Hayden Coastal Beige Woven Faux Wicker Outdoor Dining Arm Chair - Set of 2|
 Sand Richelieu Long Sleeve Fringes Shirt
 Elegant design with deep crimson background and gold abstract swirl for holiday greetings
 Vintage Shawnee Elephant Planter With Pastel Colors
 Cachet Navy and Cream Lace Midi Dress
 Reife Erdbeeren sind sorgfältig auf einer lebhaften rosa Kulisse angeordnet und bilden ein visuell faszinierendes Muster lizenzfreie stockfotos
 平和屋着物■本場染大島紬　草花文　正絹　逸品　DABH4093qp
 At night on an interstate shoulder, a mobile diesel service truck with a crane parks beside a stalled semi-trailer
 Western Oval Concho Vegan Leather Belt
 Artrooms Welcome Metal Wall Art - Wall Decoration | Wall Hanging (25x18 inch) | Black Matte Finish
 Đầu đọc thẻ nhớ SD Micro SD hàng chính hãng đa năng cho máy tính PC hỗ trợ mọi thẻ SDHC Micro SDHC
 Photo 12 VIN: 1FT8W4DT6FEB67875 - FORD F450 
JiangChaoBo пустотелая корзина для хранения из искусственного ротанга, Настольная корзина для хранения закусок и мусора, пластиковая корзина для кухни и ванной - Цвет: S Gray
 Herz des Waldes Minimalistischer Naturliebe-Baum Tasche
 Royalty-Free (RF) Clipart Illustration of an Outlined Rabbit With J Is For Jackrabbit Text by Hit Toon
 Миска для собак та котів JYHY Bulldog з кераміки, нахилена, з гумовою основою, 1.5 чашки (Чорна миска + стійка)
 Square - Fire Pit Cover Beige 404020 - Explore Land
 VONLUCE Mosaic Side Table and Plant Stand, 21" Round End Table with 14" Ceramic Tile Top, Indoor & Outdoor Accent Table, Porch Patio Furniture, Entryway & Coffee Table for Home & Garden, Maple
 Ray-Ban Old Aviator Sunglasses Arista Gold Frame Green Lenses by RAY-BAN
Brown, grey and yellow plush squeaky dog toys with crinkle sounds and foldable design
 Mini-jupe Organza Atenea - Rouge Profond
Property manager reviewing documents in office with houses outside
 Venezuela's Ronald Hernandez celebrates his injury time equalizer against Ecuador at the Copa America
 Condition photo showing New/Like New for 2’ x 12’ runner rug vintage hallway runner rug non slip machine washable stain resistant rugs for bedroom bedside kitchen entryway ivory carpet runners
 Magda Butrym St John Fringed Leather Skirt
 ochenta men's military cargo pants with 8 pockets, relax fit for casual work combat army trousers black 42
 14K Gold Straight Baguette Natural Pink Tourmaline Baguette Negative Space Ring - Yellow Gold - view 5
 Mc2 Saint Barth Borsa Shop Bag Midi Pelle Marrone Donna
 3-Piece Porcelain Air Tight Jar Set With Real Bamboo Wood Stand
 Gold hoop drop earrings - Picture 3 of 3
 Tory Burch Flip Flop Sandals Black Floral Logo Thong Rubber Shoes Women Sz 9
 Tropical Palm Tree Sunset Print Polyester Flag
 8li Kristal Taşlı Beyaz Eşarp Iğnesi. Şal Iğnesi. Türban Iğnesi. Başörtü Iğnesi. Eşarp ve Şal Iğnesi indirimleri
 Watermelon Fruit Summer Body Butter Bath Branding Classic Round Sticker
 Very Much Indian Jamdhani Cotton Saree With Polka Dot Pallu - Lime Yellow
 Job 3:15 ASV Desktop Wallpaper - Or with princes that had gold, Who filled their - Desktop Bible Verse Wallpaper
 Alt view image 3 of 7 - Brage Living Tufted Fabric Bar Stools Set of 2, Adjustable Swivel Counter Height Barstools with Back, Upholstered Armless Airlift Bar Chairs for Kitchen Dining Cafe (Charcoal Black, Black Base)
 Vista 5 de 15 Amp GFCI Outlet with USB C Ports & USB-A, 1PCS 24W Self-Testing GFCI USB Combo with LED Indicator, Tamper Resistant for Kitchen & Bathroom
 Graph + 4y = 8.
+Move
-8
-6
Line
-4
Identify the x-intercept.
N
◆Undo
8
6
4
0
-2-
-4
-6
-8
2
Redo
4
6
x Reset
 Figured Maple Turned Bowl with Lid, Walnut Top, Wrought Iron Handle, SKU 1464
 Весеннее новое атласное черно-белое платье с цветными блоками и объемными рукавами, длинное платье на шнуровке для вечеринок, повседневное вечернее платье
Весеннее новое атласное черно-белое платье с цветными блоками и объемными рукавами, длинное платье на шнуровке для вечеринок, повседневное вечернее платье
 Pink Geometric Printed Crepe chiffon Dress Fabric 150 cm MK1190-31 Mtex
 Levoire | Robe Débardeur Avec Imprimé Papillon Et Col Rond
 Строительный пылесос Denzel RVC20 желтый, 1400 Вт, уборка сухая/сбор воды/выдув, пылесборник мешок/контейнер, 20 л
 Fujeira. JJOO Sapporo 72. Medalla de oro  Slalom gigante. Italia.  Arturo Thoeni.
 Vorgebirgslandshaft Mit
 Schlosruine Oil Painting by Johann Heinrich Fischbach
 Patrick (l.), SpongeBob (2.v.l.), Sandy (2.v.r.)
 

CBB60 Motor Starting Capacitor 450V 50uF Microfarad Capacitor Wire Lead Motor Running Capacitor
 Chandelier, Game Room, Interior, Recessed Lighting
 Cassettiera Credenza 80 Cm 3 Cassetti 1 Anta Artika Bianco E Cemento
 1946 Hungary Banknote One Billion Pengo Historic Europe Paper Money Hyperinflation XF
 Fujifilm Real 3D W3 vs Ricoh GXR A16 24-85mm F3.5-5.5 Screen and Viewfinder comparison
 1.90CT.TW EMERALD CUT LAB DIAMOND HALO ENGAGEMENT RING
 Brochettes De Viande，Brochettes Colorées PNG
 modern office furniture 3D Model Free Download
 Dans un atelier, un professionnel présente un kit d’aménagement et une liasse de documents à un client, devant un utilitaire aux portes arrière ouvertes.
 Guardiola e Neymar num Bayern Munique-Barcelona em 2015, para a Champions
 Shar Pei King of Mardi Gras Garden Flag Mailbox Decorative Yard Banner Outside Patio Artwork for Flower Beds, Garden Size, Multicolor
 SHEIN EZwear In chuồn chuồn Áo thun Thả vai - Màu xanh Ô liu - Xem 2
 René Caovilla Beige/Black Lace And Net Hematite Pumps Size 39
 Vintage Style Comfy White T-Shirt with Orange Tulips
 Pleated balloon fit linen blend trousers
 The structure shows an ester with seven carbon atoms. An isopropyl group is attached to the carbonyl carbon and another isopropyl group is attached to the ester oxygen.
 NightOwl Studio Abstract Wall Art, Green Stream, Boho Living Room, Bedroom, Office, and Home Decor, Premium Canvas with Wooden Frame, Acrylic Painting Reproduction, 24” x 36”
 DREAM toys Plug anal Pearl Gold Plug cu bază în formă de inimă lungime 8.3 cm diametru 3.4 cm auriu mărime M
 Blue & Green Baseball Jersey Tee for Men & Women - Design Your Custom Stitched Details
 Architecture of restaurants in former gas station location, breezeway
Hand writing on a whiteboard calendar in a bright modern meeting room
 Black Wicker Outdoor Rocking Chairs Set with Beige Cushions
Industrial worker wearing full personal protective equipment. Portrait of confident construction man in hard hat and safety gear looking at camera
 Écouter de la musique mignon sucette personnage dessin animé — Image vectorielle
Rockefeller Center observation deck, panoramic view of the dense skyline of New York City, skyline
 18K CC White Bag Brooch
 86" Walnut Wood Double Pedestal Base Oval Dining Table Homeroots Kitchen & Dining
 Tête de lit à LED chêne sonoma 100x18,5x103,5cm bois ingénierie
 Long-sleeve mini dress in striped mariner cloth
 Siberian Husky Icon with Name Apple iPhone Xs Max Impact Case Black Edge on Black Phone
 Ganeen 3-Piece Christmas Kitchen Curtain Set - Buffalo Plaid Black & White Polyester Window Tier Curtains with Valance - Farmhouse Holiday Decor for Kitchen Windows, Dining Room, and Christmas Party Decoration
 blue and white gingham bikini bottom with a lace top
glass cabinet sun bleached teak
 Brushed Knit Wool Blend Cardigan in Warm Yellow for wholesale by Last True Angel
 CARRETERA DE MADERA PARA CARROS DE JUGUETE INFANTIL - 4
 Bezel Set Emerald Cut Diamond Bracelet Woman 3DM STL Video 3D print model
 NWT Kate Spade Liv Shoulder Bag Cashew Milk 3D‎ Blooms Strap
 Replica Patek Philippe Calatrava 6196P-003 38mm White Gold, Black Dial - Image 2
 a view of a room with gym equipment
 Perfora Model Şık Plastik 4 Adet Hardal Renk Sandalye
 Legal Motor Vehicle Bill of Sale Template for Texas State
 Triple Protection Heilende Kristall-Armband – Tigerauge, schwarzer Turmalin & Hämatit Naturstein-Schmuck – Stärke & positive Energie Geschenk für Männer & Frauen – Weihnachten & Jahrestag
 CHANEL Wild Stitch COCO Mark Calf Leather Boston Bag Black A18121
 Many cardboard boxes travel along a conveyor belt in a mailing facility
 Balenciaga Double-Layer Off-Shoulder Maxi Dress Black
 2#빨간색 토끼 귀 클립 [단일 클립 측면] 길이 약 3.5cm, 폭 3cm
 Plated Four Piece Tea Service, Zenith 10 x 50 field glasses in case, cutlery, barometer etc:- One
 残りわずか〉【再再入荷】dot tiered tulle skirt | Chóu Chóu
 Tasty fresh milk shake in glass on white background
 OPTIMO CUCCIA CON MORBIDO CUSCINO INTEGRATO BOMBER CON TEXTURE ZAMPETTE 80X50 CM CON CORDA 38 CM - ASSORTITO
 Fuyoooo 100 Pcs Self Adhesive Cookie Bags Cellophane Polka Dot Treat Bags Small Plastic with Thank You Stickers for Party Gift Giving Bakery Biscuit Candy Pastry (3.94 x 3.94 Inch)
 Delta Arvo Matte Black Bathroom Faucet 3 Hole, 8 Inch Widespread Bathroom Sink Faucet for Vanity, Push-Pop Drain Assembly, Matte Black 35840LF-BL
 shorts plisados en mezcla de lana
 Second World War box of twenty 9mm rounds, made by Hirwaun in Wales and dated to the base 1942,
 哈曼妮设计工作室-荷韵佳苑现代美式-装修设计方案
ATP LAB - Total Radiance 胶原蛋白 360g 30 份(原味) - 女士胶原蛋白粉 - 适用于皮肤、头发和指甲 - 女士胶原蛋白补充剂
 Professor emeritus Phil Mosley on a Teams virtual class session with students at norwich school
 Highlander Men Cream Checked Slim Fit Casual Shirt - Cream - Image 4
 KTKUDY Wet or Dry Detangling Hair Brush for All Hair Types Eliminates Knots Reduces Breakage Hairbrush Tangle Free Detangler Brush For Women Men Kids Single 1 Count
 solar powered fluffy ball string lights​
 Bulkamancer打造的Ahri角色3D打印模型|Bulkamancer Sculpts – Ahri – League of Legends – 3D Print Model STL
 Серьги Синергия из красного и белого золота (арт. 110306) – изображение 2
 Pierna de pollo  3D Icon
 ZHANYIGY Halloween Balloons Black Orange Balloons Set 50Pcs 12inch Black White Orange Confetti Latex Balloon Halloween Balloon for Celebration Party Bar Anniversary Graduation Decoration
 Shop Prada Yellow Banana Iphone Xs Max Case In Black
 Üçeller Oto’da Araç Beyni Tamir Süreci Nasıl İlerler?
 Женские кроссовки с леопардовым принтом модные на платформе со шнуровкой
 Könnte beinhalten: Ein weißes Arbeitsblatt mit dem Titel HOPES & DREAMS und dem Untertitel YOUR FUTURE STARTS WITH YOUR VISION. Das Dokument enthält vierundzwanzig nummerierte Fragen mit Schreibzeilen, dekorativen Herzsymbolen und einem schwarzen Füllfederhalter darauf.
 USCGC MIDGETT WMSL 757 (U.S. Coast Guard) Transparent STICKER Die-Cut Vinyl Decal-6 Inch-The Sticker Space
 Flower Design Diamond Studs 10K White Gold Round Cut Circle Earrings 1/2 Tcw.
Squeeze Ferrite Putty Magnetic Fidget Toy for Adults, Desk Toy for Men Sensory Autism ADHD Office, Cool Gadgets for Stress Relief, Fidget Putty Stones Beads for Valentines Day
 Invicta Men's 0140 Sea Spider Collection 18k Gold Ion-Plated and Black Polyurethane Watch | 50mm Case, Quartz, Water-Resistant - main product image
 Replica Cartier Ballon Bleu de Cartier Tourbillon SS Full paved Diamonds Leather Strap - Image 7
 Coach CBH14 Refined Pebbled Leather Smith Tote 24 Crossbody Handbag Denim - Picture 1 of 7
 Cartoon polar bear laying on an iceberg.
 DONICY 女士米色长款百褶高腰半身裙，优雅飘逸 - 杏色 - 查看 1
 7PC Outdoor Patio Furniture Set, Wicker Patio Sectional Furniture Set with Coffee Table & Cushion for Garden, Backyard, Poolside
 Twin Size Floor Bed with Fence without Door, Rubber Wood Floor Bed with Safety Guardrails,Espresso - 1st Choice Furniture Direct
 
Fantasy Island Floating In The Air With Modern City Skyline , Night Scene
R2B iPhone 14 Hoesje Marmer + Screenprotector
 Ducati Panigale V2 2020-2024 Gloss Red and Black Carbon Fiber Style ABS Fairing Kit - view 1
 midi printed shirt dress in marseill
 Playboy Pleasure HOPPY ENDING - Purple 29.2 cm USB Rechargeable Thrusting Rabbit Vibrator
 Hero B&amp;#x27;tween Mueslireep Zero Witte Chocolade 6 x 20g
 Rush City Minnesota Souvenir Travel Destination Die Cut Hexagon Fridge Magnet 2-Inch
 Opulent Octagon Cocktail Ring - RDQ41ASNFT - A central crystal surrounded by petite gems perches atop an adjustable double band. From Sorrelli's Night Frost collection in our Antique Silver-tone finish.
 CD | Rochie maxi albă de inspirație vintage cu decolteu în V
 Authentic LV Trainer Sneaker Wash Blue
☆ ☆ ☆
Work item »
Referring to the material above, set down exactly the lines between the line with "Đầu đọc thẻ" and the line with "Mini-jupe Organza Atenea - Rouge Profond", inclusive, and no other lines.

Answer section »
 Đầu đọc thẻ nhớ SD Micro SD hàng chính hãng đa năng cho máy tính PC hỗ trợ mọi thẻ SDHC Micro SDHC
 Photo 12 VIN: 1FT8W4DT6FEB67875 - FORD F450 
JiangChaoBo пустотелая корзина для хранения из искусственного ротанга, Настольная корзина для хранения закусок и мусора, пластиковая корзина для кухни и ванной - Цвет: S Gray
 Herz des Waldes Minimalistischer Naturliebe-Baum Tasche
 Royalty-Free (RF) Clipart Illustration of an Outlined Rabbit With J Is For Jackrabbit Text by Hit Toon
 Миска для собак та котів JYHY Bulldog з кераміки, нахилена, з гумовою основою, 1.5 чашки (Чорна миска + стійка)
 Square - Fire Pit Cover Beige 404020 - Explore Land
 VONLUCE Mosaic Side Table and Plant Stand, 21" Round End Table with 14" Ceramic Tile Top, Indoor & Outdoor Accent Table, Porch Patio Furniture, Entryway & Coffee Table for Home & Garden, Maple
 Ray-Ban Old Aviator Sunglasses Arista Gold Frame Green Lenses by RAY-BAN
Brown, grey and yellow plush squeaky dog toys with crinkle sounds and foldable design
 Mini-jupe Organza Atenea - Rouge Profond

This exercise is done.